**idle_in_transaction_session_timeout fired mid-pipeline.** PostgreSQL closes sessions that sit inside an open transaction without activity for longer than the configured threshold. Long-running dbt models or ADF pipelines that open a transaction, pause for upstream processing, then resume will hit this when the pause exceeds the timeout — typically 30 s–5 min in managed services like Azure Database for PostgreSQL Flexible Server.. **Connection pool returned a stale socket after a server restart or failover.** When the database server restarts (patch, failover, maintenance window), existing TCP connections are torn down. The pool does not know this until it tries to use one. The next query that gets that dead socket receives 08003 immediately.. **Application held a connection open across a slow external call.** A pipeline that opens a transaction, calls an external API or writes to blob storage mid-transaction, then comes back to write to PostgreSQL will find the connection gone if the external call took longer than the server timeout allows.. **TCP keepalive not configured, connection silently dropped by a firewall or NAT gateway.** Cloud NAT gateways (Azure NAT Gateway, AWS NAT) silently drop idle TCP connections after 4–10 minutes. The OS and application think the socket is still open; the server has already discarded it. The error only appears when the driver next writes to the dead socket.. **`pool_recycle` interval longer than `wait_timeout` / server-side timeout.** If the pool recycles connections every 3600 s but the server closes idle connections after 600 s, there is a 2400-second window where the pool holds connections that are already dead server-side.. **pgBouncer or other connection pooler in transaction mode closing the backend connection mid-session.** In transaction-pooling mode, pgBouncer may assign a different backend connection between statements. If the pipeline assumes connection-level state (temp tables, SET LOCAL, prepared statements), the mismatch causes the next statement to land on a connection that does not have that state — or on one that is closing.. **Concurrent `pg_terminate_backend()` call from an admin or monitoring script.** A DBA running `SELECT pg_terminate_backend(pid)` to clear long-running queries will terminate any active pipeline connection, which raises 08003 on the application side.

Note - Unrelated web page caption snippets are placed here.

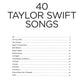 40 Taylor Swift Songs - Really Easy Piano Book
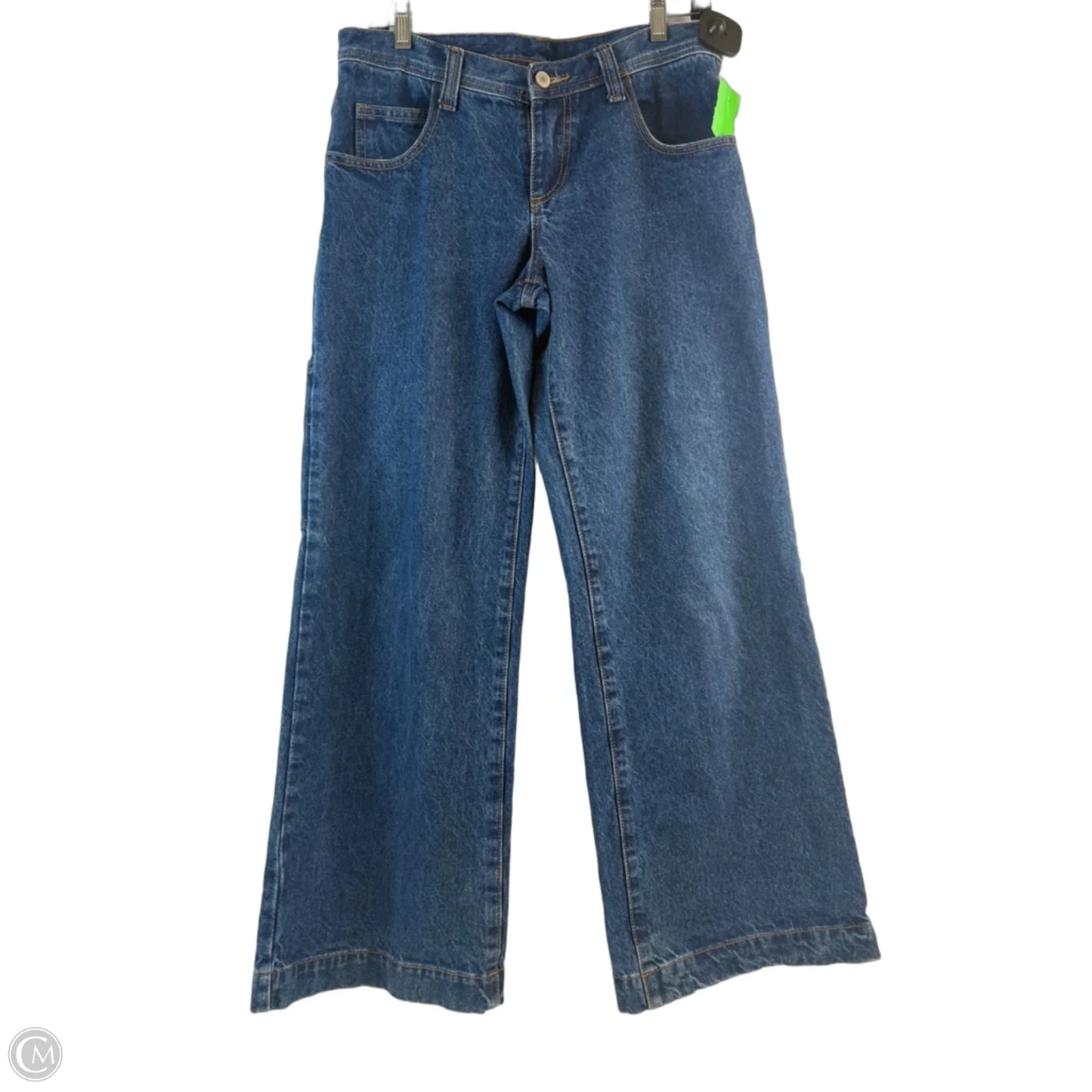 Jeans Wide Leg By Clothes Mentor In Blue Denim, Size: 4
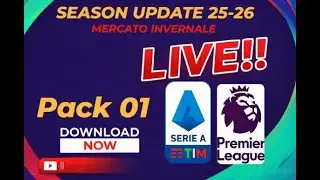 PES 2021 || PATCH 2025/26, PACK INVERNALE VOL.1 || Pes Italia Classic Patch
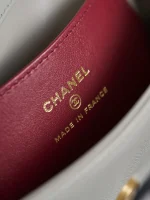 UbestLuxury Chanel Chanel 26P Preppy Coco Flap Bag 17cm Light Green product photo detail 8 SKU CH30797
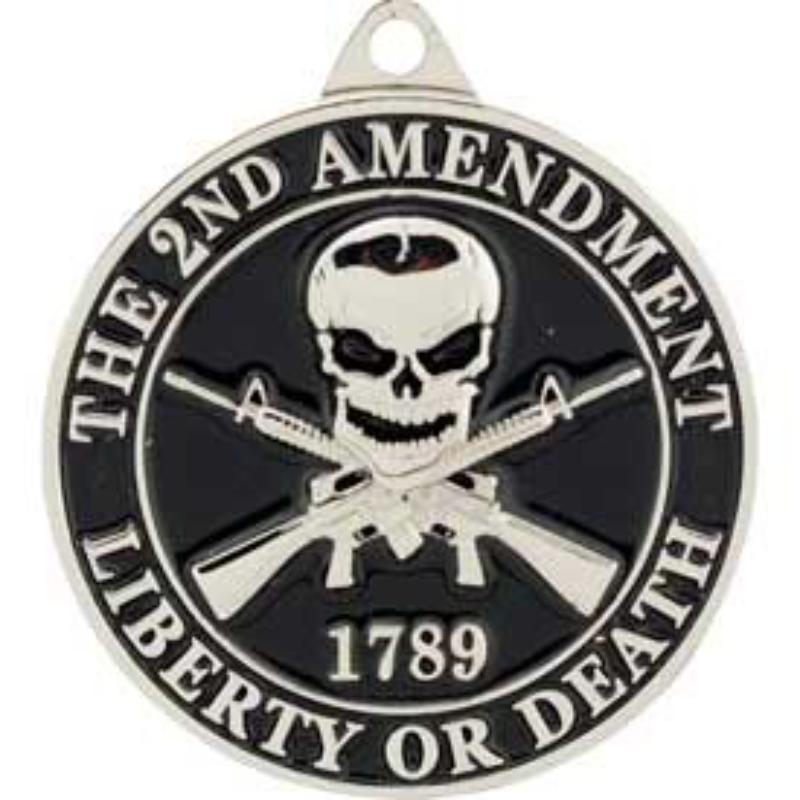 KC2092 Key Ring - 2nd Amendment, Bright-Shine - 1.5 in.
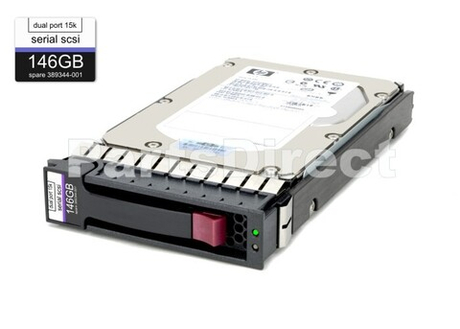 Жесткий диск HPE 384854-S21 HP 146-GB 3G 15K 3.5 DP SAS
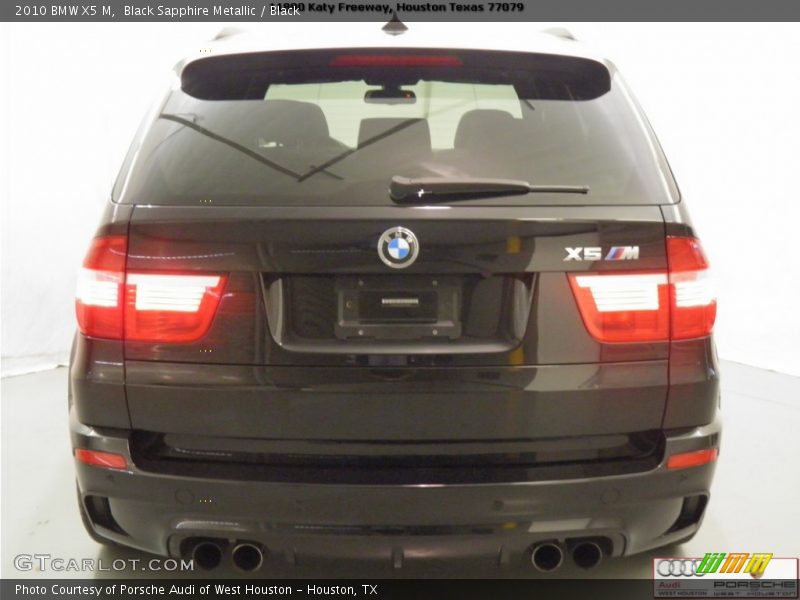 Black Sapphire Metallic / Black 2010 BMW X5 M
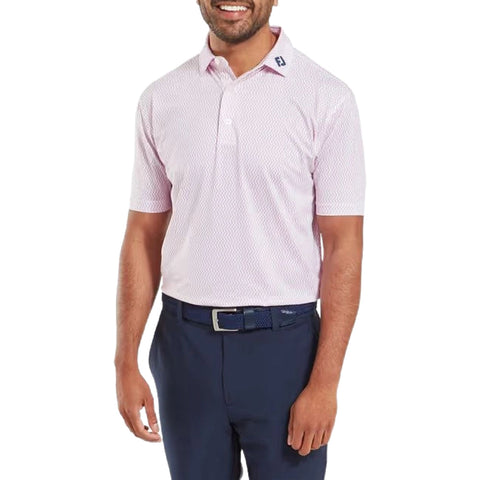 Wiggle Print Lisle Polo Herren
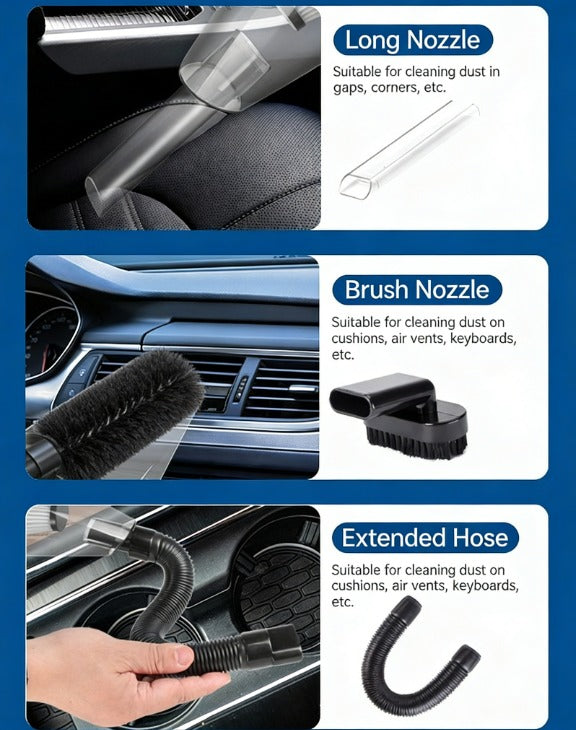 Wireless Vacuum Cleaner With LED Lighting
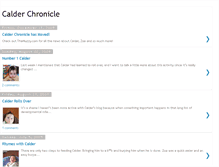 Tablet Screenshot of calderchronicle.com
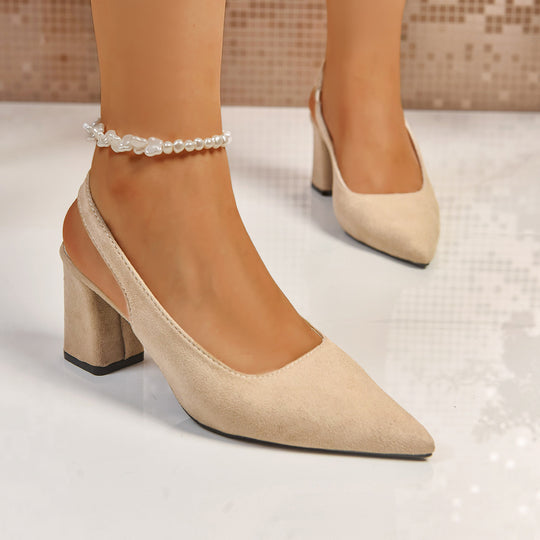 Damen Slingback-Pumps mit elegantem Blockabsatz EB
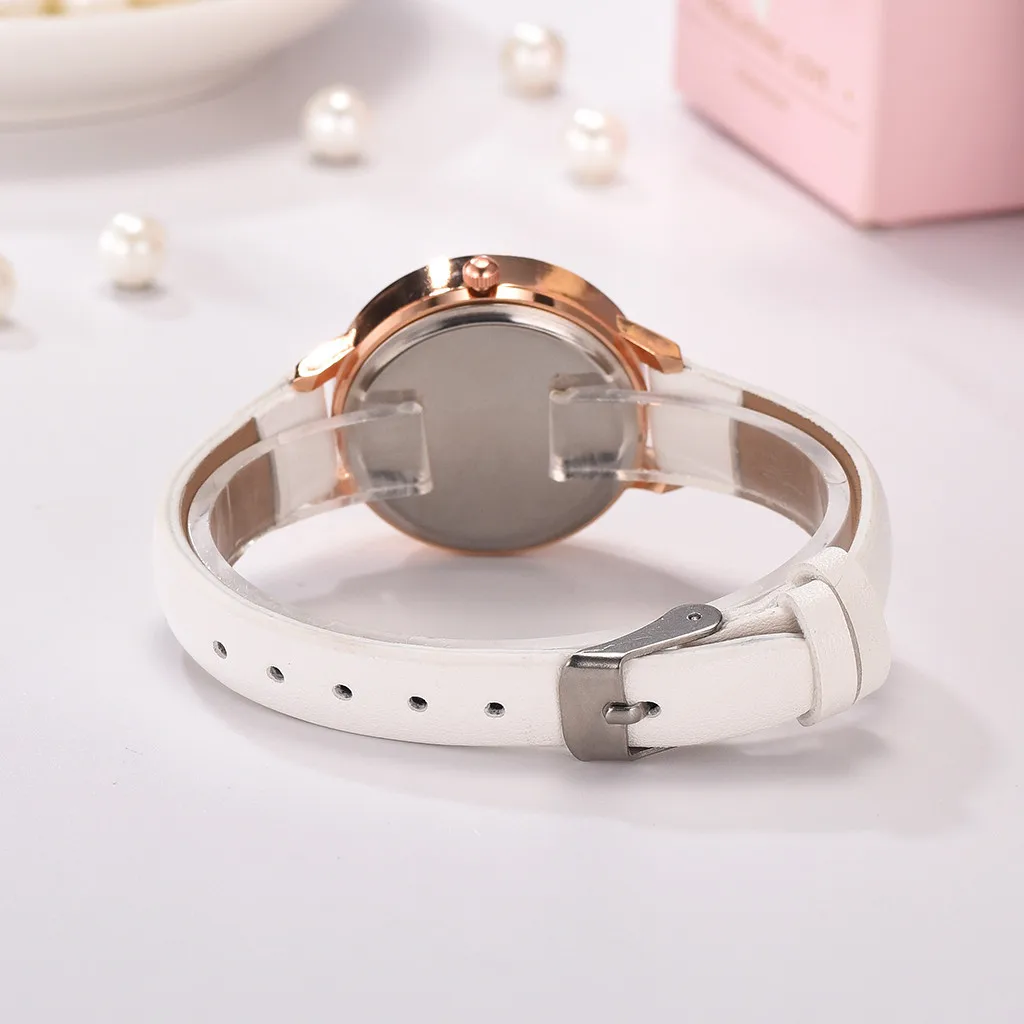 HSU женские простые кожаные кварцевые часы Новые тренд Модные Кварцевые Женские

Step 1: Enable pre-ping / connection validation in your pool. In SQLAlchemy: `create_engine(url, pool_pre_ping=True)`. In psycopg2 connection pools: issue a `SELECT 1` before handing out a connection. This adds ~0.3 ms overhead per checkout but eliminates 08003 from stale sockets.. Step 2: Set `pool_recycle` shorter than the server's idle timeout. Check the server timeout: `SHOW idle_in_transaction_session_timeout;` and `SHOW tcp_keepalives_idle;`. Set `pool_recycle` to 60–80 % of the lower value. Example SQLAlchemy: `create_engine(url, pool_recycle=300)` when server timeout is 600 s.. Step 3: Verify and tune server-side timeouts on Azure Database for PostgreSQL: in the Azure Portal → your server → Server parameters → search `idle_in_transaction_session_timeout`. For pipelines that need long transactions, raise it or set it to 0 (disabled) only for the pipeline role: `ALTER ROLE pipeline_user SET idle_in_transaction_session_timeout = 0;`. Step 4: Configure OS-level TCP keepalives so the OS probes the connection before the NAT gateway drops it. In libpq connection string: `keepalives=1&keepalives_idle=60&keepalives_interval=10&keepalives_count=5`. This sends a keepalive probe after 60 s of inactivity, retrying every 10 s up to 5 times.. Step 5: Identify currently open idle-in-transaction connections before they time out: `SELECT pid, usename, state, now() - state_change AS idle_duration, query FROM pg_stat_activity WHERE state = 'idle in transaction' ORDER BY idle_duration DESC;` Terminate the longest ones if they are from a hung pipeline: `SELECT pg_terminate_backend(pid) FROM pg_stat_activity WHERE state = 'idle in transaction' AND now() - state_change > interval '5 minutes';`. Step 6: Add retry logic with exponential backoff around database calls in your pipeline. Catch `psycopg2.OperationalError` (or `sqlalchemy.exc.OperationalError`) where `pgcode == '08003'`, close and discard the connection, then re-acquire a fresh one from the pool and retry up to 3 times. Do not retry on the same connection object.. Step 7: If using pgBouncer, switch the pipeline's database to session-pooling mode (`pool_mode = session` in pgbouncer.ini for that database entry) or ensure the pipeline does not rely on connection-level state across statements. Alternatively, connect the pipeline directly to PostgreSQL bypassing pgBouncer for long-running jobs.

Low severityconnectivity

PostgreSQL Error:
08003

Impact

When 08003 appears more than once per hour or recurs after a server maintenance window, your pipeline is running without connection validation and will cascade: dbt runs abort mid-graph leaving downstream models stale, ADF copy activities fail and retry from the beginning wasting compute, and any downstream dashboard or alert built on those tables serves yesterday's data.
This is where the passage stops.